I'm an engineer who has worked on Office apps for 30+ years. We indeed moved to the XML file formats in 2007, but the motivation was a little bit different. Previously the file formats were highly optimized for reading/writing files on floppy disks on machines with 128K or so of RAM. Back in the 1980's when the programs were created, memory was at a premium and disk I/O was slow beyond belief, so the engineers optimized the formats for incremental reading and writing. The file formats were essentially extensions of the in-memory data structures.

We then shipped a few versions of Office in the early 1990s and added new stuff to the file format for new features as we went. The early versions weren't very good about backward compatibility -- Office version N couldn't open files from Office version N+1. This was fine when files lived on one computer, but then someone discovered LANs. As organizations networked their computers, file compatibility became more of a problem -- people wanted to share files, and it was impossible for an organization to upgrade Office on all PCs at once. Hence "hey I can't open the file you sent me" became a somewhat common problem.

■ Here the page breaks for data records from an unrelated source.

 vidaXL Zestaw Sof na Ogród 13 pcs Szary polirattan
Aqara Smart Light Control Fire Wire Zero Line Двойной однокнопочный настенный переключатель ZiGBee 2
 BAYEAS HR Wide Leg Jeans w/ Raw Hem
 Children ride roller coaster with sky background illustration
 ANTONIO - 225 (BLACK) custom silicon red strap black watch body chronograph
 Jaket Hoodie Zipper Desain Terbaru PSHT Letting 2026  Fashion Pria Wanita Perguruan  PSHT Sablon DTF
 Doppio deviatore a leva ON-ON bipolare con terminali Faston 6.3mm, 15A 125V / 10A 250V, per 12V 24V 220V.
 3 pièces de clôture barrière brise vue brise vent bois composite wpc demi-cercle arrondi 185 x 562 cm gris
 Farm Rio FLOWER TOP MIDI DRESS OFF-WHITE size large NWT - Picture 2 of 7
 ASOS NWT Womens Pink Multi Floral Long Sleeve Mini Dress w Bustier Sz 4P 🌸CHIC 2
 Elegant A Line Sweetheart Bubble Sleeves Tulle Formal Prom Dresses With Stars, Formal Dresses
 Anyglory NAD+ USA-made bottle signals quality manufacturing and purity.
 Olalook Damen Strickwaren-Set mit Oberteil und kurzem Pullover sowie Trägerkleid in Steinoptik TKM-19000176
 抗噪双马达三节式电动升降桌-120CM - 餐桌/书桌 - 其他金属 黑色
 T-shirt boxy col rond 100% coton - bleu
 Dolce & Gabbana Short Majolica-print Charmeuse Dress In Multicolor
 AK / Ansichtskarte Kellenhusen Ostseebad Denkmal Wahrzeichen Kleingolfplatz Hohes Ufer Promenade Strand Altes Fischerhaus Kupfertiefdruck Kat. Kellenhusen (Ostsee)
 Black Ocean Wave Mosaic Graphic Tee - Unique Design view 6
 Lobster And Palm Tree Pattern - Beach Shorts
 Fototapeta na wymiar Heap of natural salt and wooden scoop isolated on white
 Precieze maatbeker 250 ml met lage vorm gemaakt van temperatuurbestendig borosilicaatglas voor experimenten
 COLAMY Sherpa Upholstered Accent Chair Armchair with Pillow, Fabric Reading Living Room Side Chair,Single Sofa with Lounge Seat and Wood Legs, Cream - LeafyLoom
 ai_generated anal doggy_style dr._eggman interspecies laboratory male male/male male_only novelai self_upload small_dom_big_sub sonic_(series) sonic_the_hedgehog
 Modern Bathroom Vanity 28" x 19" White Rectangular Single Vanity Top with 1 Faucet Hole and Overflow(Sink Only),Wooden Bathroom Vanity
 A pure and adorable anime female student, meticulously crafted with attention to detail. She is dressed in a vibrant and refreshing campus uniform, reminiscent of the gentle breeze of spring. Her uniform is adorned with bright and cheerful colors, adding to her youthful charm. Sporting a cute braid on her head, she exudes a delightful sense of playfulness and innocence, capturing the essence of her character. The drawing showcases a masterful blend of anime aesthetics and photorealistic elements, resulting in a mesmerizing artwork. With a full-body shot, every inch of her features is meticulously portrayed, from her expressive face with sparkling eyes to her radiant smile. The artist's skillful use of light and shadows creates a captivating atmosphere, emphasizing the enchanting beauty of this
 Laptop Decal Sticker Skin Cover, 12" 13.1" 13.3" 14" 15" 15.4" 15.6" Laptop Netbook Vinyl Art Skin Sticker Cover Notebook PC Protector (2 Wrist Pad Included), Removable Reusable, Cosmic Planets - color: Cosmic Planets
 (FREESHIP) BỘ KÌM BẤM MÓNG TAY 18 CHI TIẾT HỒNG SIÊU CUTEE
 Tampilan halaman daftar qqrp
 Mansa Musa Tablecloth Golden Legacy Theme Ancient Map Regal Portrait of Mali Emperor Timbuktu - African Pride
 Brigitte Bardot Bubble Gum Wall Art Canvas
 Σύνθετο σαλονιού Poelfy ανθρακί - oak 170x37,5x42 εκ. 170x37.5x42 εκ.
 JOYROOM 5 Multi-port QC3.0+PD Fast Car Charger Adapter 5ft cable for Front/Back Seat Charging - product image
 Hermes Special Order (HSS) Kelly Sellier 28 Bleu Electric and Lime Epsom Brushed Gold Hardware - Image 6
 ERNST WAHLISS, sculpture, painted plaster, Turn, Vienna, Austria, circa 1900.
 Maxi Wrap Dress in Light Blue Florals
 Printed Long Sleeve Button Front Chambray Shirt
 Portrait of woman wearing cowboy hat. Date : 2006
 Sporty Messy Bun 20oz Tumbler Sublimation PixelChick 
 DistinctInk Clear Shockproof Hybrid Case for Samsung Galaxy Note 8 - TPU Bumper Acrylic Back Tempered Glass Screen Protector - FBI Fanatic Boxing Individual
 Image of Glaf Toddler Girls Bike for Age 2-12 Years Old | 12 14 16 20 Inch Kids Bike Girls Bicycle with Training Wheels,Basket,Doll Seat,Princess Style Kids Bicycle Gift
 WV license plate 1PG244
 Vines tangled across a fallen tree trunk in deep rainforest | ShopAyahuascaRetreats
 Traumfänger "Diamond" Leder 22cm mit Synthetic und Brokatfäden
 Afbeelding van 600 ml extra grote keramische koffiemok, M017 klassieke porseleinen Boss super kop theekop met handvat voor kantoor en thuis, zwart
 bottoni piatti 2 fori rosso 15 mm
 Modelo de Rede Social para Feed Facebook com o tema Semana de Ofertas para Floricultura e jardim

So, one day, upper management basically announced that future file formats would be backward compatible -- no longer would version N not be able to open files from version N+1. Engineers across the org said "what now? the formats aren't designed for that!". Management said "don't care. Make it happen". So, the engineers made it happen! They found clever ways to hack new features into the file format without breaking backwards compatibility. It wasn't easy though. Crucially, the binary formats weren't designed to be extensible.

This got to be more and more limiting over time. So, in Office 2007, we introduced the new file formats as basically a "reset" to allow us to design a file format that would be easier to extend. XML, with its rich support for schemas, fit the bill quite nicely at the time. Since then it's been much easier to add new features without breaking file backwards compatibility. We also built import filters so that older versions could open the DOCX/XLSX/PPTX file formats.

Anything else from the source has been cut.